Dopo la fine dei totalitarismi del Novecento è prevalso il paradigma liberal democratico basato sul mandato popolare indiretto, il primato della legge, la divisione dei poteri, i partiti come filtro e canale tra masse e stato. Nei primi due decenni del Duemila invece stiamo assistendo a una sudamericanizzazione crescente che mette in discussione non solo i partiti e i parlamenti, ma anche il modello in cui proprio l’apparato amministrativo tipico del potere legale esercita un ruolo particolarmente importante. Tivelli sottolinea che “da tempo circola una teoria secondo la quale i governi sarebbero non poco condizionati dall’opera e dal funzionamento del deep State, nel quale molte posizioni di responsabilità sono state magari acquisite all’ombra di governi precedenti e di diverso orientamento. Non poco di vero c’è in questa tesi, ed è altrettanto vero che, almeno dal 2011 fino all’avvento del governo Meloni, le infornate di nomine che hanno contribuito a definire le posizioni chiave sono state gestite dalla sinistra o da governi tecnici più condizionati dalla sinistra”. Dopo il gioco dell’egemonia culturale arriva il gioco della egemonia istituzionale? Ma in che cosa è diverso tutto ciò dalla vecchia insuperata lottizzazione? 

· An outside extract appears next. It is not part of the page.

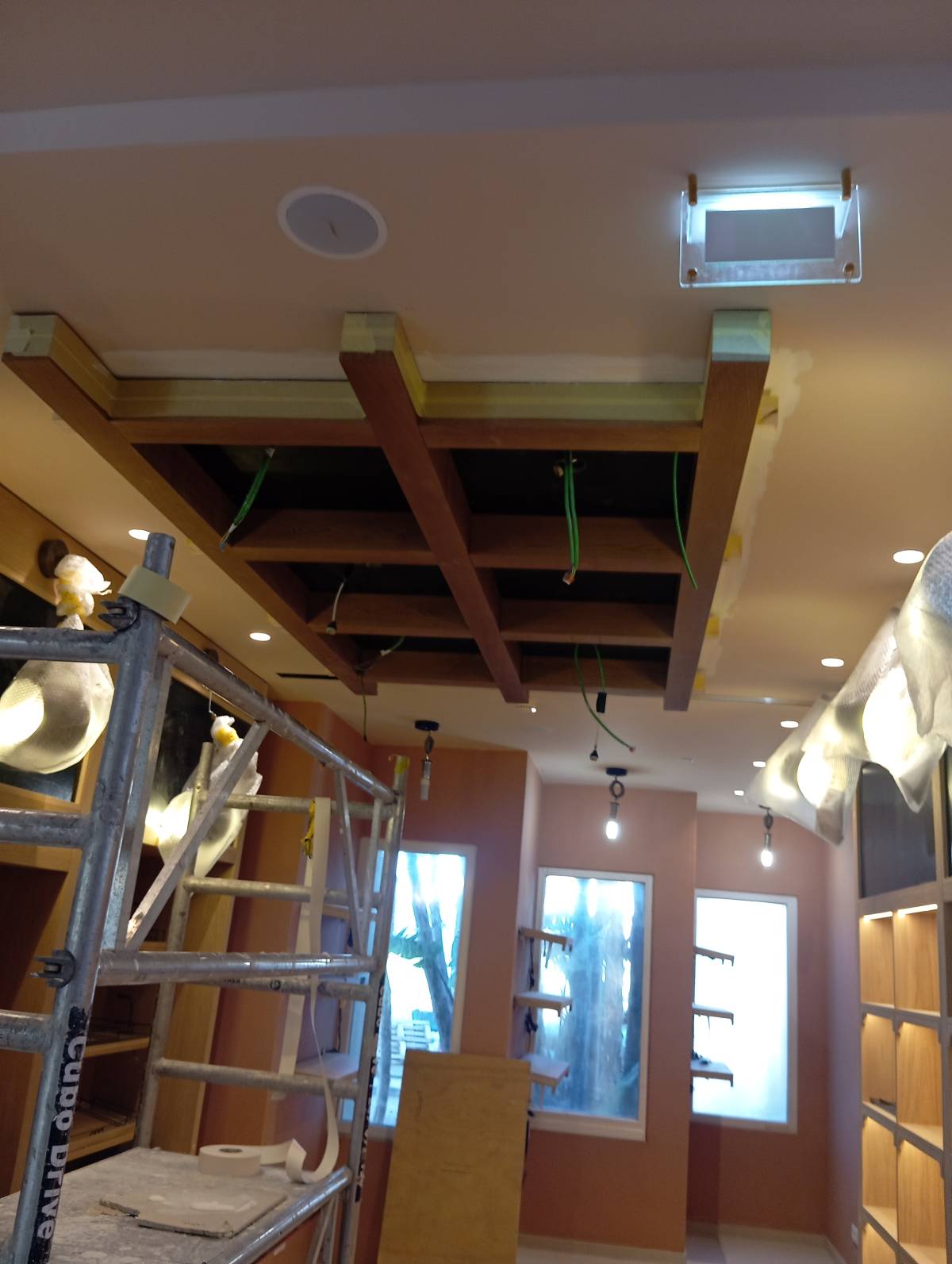 Silente fronteira carpentry lda - Albufeira - Cabinet Repair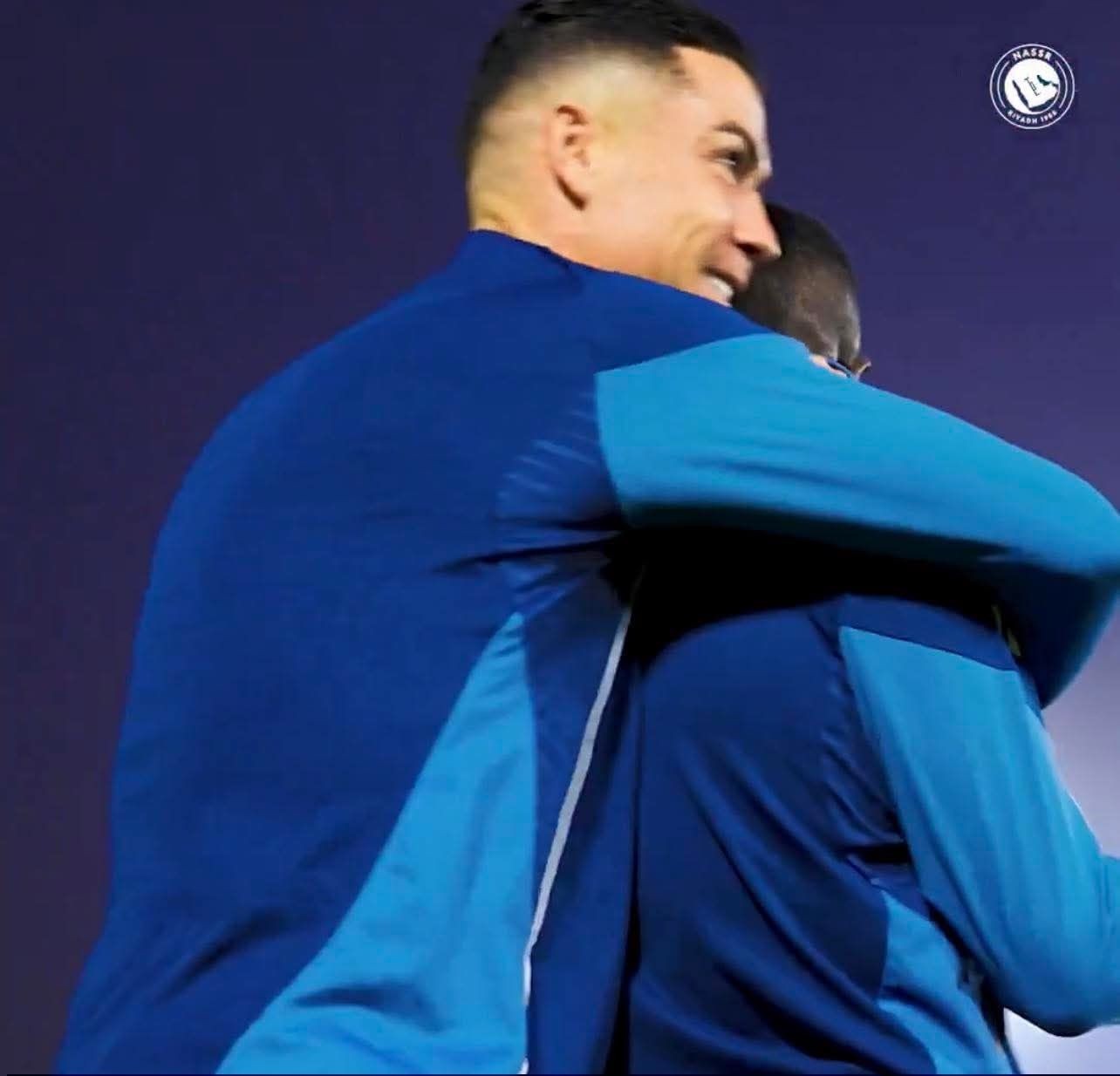 Cristiano Ronaldo chào đón nhà vô địch Sadio Mane bằng một cái ôm ấm áp.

A questo punto, non possiamo evitare Max Weber per il quale la burocrazia statale in una democrazia di massa rappresenta la macchina razionale che produce efficienza. I rapporti con il potere politico non sono mai rose e fiori. Sotto la spinta degli interessi degli stessi burocrati, l’apparato può mettere in discussione o in crisi chi guida momentaneamente il governo ed è da molti punti di vista un dilettante rispetto al burocrate. A quel punto emergono leader carismatici i quali, grazie a una investitura plebiscitaria, riprendono il controllo della macchina. Così facendo mettono in discussione non soltanto le “arciconfraternite” dello stato, ma il bilanciamento dei poteri. 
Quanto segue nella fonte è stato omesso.